Painter compreendia a pressa do fuzileiro, mas foi apertar a mão do geneticista.
— É capaz de ter salvado a vida de uma jovem.
Enquanto seguia Drake apressadamente, Painter rezou para que isso fosse verdade.
11h38
Jenna encontrava-se no limiar da civilização.
A selva estendia-se à sua frente, com o zunir dos insetos e o chilrear dos pássaros, enquanto, atrás dela, o motor do helicóptero estalava e crepitava ao arrefecer parado na clareira da floresta.

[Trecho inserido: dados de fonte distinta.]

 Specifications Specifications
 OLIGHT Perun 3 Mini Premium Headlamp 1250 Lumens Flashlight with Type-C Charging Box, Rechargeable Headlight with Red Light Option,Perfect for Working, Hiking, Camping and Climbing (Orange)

Um par de nativos de tronco nu e calções sujos abasteciam o avião parado com combustível puxado de enormes bidões pretos. Ao fundo, avistavam-se redes, presas aos troncos das árvores, cobertas por mosquiteiros. Pilhas de beatas de cigarros sujavam o chão da floresta por baixo das redes. Uma revista pornográfica encontrava-se pousada num monte, parecendo atirada para lá à pressa, provavelmente por alguém ao ouvir o barulho do helicóptero a aproximar-se. O ar tresandava a óleo, fumo de tabaco e dejetos humanos.
Afastara-se até à orla da clareira para fugir a tudo isso, imaginando o cheiro nauseabundo que se instalaria quando a rede de camuflado fosse colocada por cima deste buraco putrefato de corrupção humana. Neste momento, a rede encontrava-se pendurada na copa de uma árvore, à espera de que o helicóptero levantasse voo novamente para voltar a cobrir a área e ocultar esta estação de abastecimento.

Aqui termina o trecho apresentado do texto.